# freezer life of wild game??



## utahgolf (Sep 8, 2007)

how long would you think frozen wild game would last before thinking about discarding it?? I know a lot has to deal with proper packaging,, mine isn't vacuum sealed or anything. its wrapped tight in plastic wrap and then packaged in butcher paper. just curious about the average time frame. I don't like eating anything past a year but just curious.


----------



## willfish4food (Jul 14, 2009)

I had some deer that lasted over 2 years. It was wrapped in plastic coated freezer paper only. I think if you keep it wrapped tight you'll be okay.


----------



## wyogoob (Sep 7, 2007)

A year is kind of a rule of thumb for game meat wrapped like yours. Many go longer. I think the food people say less. I will go two years with vacuum packed meat, but I usually clean out old game meat after a year and then make salami with it. 

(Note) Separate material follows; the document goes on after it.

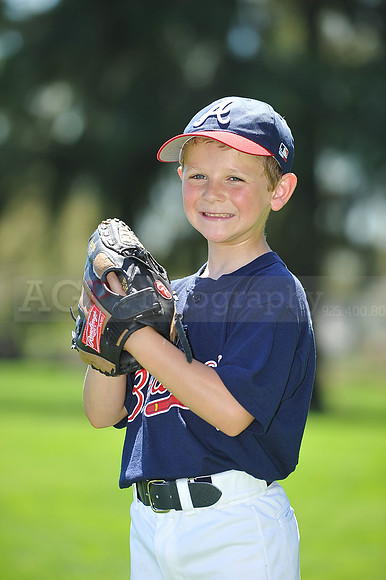 AA_Braves013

I try to vacuum pack all my game meat and keep it at 0°. 

Moose is an exception. A once-in-a-lifetime moose from Utah will last for 78.4 years and in a Wyoming moose will keep for about 32 years. :lol:


FYI: In many states, Wyoming is one, you can't be in possession of a previous year's, say a 2009 deer, at the start of the 2010 deer hunt for example. This is supposed to guard against people killing a deer, not punching their tag, and packaging the deer with last year's date. It's rarely enforced anymore, especially in whitetail deer country where deer numbers have exploded. But, if you get your freezer searched by the fish cops and have years-old game meat in the freezer it can be an expensive oversight.


----------



## STEVO (Sep 13, 2007)

wyogoob said:


> FYI: In many states, Wyoming is one, you can't be in possession of a previous year's, say a 2009 deer, at the start of the 2010 deer hunt for example. This is supposed to guard against people killing a deer, not punching their tag, and packaging the deer with last year's date. It's rarely enforced anymore, especially in whitetail deer country where deer numbers have exploded. But, if you get your freezer searched by the fish cops and have years-old game meat in the freezer it can be an expensive oversight.

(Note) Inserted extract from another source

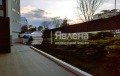 Продава  2-стаен град Варна , к.к. Св.Св. Константин и Елена , 70 кв.м | 96923757 - изображение [12]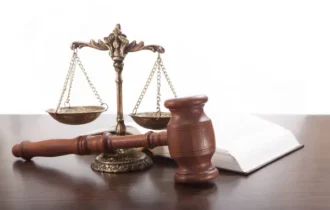 processos-paralisados-em-vara-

Thats why you always mark any wild game as "BEEF" . See us Utahahns do know some tricks :wink: :lol:


----------



## Nor-tah (Dec 16, 2007)

Oh goobs going to love that one! I am reading a book right now called from mountain top to table top. Its a great book that costs 10 bucks at sportsmans. It says that it depends how it is cut. He suggests cutting roasts from most of the deer, freezing them, then cutting steaks off of that at a later date. It says that if you miss a small piece in the wrapping procces and some air gets in and freezer burns that area, you can cut it off.

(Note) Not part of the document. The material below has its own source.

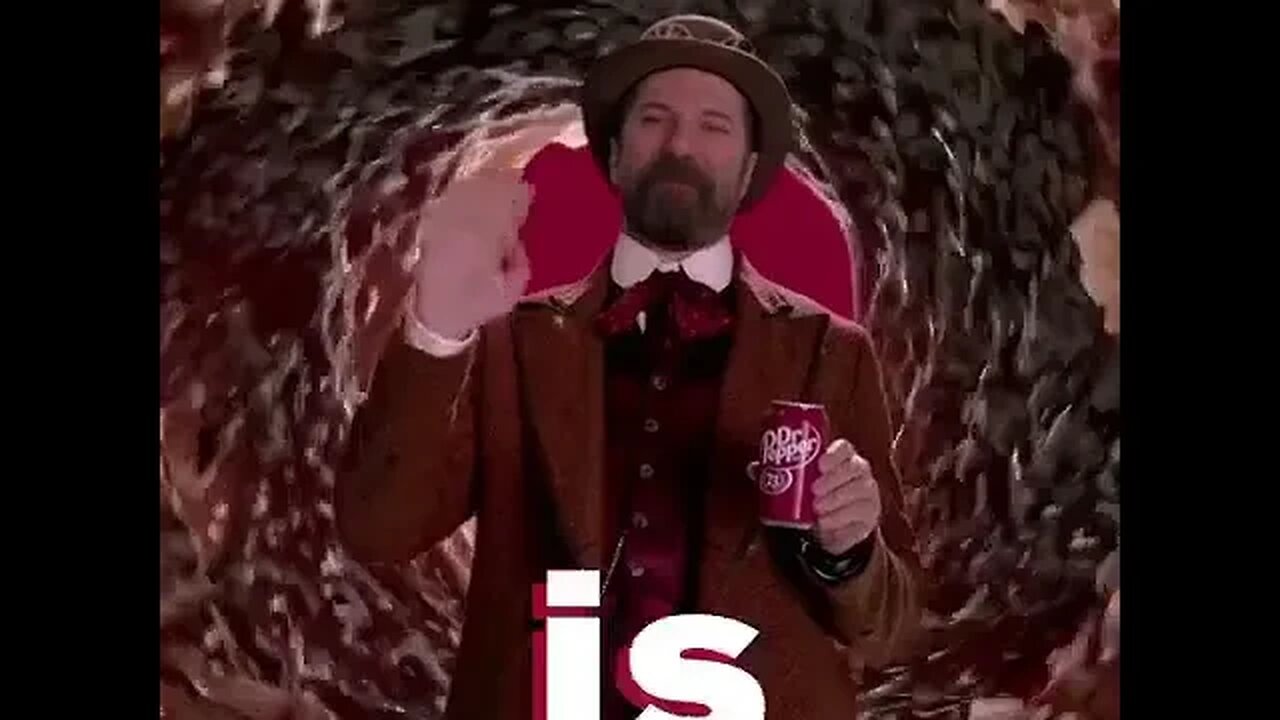 whooo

So yeah, it depends on how thick of a cut the meat is. He mentions that they found a Wooly Mamoth around the turn of the century that was like 30,000 years old but had been encased in ice and frozen solid since its death. He said that they acutally thawed it out and cut some meat from the inside and SOLD IT IN SOME NEW YORK RESTAURANTS for an assinign amount. So as long as its tight you should be good for 100 years!!!! :mrgreen:
This is an article I found that talks about these rummors. 
http://www.straightdope.com/columns/rea ... for-dinner


----------



## .45 (Sep 21, 2007)

utahgolf said:


> how long would you think frozen wild game would last before thinking about discarding it?? I know a lot has to deal with proper packaging,, mine isn't vacuum sealed or anything. its wrapped tight in plastic wrap and then packaged in butcher paper. just curious about the average time frame.* I don't like eating anything past a year but just curious*.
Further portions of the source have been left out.